La Marca del Hombre Lobo
told the story of Waldemar Daninsky (Paul
Naschy of course), a kind-hearted nobleman who hunts down and kills a
werewolf - but not before being turned into a werewolf himself. Waldemar
desperately tries to get rid of his curse but soon realizes this is a goal
he cannot achieve on his own, and thus he visits a doctor and his wife for
treatment - only to have to realize they are vampires and ultimately he
has to battle it out with them, in the end dieing a hero's death. (An
interesting aside on El
Hombre Lobo's human name, Waldemar Daninsky: Actually the
character was supposed to have a Spanish name, but under the rule General
Franco, censorship was still strong and the censors opposed to a Spanish
werewolf, so Naschy simply changed the name of the character to Polish
sounding Waldemar Daninsky, and everybody was happy - at least
that's how the story goes.) By
all means,
La Marca del Hombre Lobo
is not an especially good film, it's a
cheaply made Euro-shocker based on a script that doesn't always make sense
and that is anything but subtle. And Naschy, in his first leading role,
proves rather wooden as an actor (he would improve over the years though)

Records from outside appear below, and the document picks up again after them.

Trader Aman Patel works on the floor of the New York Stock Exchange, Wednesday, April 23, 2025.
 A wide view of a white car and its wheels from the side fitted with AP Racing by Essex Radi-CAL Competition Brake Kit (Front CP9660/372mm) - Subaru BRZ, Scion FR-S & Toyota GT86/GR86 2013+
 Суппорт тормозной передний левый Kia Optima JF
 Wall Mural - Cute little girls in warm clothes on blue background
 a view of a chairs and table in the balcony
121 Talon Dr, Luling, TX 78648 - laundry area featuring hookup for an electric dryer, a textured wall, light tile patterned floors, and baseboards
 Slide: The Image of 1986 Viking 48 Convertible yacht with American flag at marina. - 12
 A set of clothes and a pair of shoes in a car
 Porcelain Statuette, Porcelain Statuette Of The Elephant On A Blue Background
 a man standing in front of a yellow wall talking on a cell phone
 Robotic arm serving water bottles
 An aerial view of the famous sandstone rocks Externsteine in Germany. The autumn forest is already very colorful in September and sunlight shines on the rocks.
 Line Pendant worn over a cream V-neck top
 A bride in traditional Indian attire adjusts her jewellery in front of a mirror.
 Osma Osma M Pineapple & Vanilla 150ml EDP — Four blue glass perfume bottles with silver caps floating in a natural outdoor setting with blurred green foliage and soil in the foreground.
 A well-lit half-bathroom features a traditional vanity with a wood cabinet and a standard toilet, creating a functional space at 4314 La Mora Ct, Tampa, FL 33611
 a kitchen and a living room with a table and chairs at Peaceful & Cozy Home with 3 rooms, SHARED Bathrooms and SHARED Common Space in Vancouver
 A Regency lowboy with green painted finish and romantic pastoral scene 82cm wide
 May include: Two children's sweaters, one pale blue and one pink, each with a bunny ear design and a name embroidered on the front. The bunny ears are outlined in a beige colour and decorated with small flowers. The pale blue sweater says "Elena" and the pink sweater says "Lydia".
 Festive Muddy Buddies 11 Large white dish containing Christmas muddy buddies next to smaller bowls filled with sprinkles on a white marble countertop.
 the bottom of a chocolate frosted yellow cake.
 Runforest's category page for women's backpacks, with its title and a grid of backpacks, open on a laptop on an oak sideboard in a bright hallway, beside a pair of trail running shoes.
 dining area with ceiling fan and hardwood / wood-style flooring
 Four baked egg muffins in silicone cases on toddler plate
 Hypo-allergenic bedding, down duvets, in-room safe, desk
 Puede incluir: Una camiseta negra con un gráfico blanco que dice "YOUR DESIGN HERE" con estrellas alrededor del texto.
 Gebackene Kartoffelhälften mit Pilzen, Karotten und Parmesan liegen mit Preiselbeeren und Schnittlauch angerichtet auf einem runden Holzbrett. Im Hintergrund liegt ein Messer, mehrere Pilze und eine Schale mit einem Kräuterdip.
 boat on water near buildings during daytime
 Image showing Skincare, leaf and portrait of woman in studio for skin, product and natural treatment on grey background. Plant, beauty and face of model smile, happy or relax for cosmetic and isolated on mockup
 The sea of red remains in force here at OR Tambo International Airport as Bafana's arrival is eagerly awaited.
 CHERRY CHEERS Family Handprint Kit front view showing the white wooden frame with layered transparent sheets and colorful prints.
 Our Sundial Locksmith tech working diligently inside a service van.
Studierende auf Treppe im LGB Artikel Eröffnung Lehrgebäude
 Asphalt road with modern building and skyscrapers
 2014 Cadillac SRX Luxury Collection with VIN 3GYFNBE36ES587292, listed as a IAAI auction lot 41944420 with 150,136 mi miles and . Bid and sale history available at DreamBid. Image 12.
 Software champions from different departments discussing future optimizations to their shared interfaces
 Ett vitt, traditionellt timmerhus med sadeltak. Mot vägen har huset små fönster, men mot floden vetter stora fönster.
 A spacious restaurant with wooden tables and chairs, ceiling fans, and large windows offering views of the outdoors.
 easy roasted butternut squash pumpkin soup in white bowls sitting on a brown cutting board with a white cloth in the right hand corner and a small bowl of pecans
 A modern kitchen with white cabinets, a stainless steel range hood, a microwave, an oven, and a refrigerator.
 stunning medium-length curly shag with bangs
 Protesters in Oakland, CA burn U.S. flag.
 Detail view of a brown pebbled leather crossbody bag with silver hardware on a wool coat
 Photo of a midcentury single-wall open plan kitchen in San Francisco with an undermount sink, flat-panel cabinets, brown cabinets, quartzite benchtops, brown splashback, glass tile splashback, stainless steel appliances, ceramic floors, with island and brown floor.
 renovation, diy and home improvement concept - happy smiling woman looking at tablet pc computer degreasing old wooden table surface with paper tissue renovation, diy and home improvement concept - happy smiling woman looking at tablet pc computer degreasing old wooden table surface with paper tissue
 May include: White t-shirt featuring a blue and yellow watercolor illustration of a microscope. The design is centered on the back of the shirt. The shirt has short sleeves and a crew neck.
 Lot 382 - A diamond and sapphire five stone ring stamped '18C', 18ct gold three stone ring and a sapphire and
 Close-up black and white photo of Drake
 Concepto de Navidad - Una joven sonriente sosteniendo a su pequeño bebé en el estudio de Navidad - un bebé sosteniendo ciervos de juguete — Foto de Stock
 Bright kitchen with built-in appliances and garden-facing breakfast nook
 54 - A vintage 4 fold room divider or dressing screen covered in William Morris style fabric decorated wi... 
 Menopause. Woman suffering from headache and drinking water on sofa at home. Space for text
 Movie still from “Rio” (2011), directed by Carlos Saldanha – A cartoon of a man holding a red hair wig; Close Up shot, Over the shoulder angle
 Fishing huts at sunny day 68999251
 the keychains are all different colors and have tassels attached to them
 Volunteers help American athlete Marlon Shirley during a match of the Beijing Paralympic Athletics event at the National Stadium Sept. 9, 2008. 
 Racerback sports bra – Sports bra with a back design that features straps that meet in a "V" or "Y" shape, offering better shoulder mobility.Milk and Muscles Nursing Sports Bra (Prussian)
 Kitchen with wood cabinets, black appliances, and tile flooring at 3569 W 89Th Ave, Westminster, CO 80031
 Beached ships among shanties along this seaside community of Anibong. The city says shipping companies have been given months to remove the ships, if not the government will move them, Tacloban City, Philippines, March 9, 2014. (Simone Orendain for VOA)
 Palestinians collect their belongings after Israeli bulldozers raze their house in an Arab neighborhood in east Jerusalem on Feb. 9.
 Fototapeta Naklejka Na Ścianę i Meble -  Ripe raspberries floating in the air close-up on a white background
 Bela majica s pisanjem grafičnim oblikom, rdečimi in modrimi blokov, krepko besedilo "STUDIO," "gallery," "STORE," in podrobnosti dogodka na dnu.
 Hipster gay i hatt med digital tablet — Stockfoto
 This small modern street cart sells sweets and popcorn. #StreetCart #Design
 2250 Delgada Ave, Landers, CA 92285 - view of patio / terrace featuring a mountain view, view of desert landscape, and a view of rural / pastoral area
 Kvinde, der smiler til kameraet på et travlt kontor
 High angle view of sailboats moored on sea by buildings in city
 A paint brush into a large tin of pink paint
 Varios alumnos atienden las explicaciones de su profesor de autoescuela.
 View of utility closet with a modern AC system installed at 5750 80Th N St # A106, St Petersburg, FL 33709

- but for trashfilm lovers like me these are all reasons to love and
to treasure the film rather than condemn it, but that's beside the point
now. All its inconsistencies aside,
La Marca del Hombre Lobo
also struck a chord with the audience, it
had a certain romantic dimension to it not usually found in films like
this. And since the film was a relative success with the audience and
films like this could be cheaply made, a sequel was inevitable. (Do note
though that the Hombre Lobo-series
has no continuity as such, each film is supposed to stand on its own.) Actually,
the first sequel to
La Marca del Hombre Lobo, Las Noches del
Hombre Lobo/Nights of the Werewolf was shot in later 1968 by
French TV-director René Govar in Paris and was co-scripted by Paul
Naschy. Essentially the film would have been about a student (Naschy), who
suffers from lycanthropy and asks his professor for a cure, but the
professor instead uses him as a tool for his vengeance and has the
werewolf kill those who have wronged him - definitely shades of The
Mad Monster (1942, Sam Newfield) here ... It is however questionable
if the film ever came out anywhere, since a series of lawsuits and finally
the direcotr's death in a car accident shortly after filming was finished
caused the film to be impounded - and unfortunately nowadays, noone knows
if a print of it still exists anywhere in the world. Some sources
even claim the film was never made in the first place.
There is
no doubt however about the existence of the next
Hombre Lobo-film, the Spanish-German-Italian co-production Los
Monstruos del Terror/Dracula jagt Frankenstein/Assignement
Terror (1970, Tulio Demicheli), a film in which three aliens (Michael Rennie,
Karin Dor [Karin
Dor biography - click here] and Ángel del Pozo) are resurrecting the earth's greatest
monsters - Dracula
(Manuel De Blas), Frankenstein's
monster (Ferdinando Murolo), the Mummy (Gene Reyes) and El
Hombre Lobo (Paul Naschy of course) - to take over the earth
with their help. The film, again scripted by Paul Naschy, who is again using his
real name Jacinto Molina as scriptwriter (as he would in many a film to
come), is pretty much as silly as this short synopsis might suggest, a wild
mix of Universal's all-star
monster-movies from the 1940's like House
of Frankenstein (1944, Erle C.Kenton), or House
of Dracula (1945, Erle C.Kenton), 1950's science fiction cinema
of the alien invasion kind and the then popular 1960's espionage fare. If
you are at all into Euro trash, you will be thrilled by this film, it's
even sillier than you would expect, and the bad Dracula- and
Frankenstein-make-up jobs are something that must be seen to be believed.
For
the next few years, Naschy kept the
Hombre Lobo-franchise going with films like La
Noche de Walpurgis/The
Werewolf's Shadow/Werewolf
vs Vampire Women (1971), his first collaboration with veteran
genre director León Klimovsky (who had been directing films since the late
1940's), which pits the werewolf against vampire women, La Furia del
Hombre Lobo/The Fury of the Wolfman/The Wolfman Never Sleeps
(1972, José María Zabalza), the genre fave Dr.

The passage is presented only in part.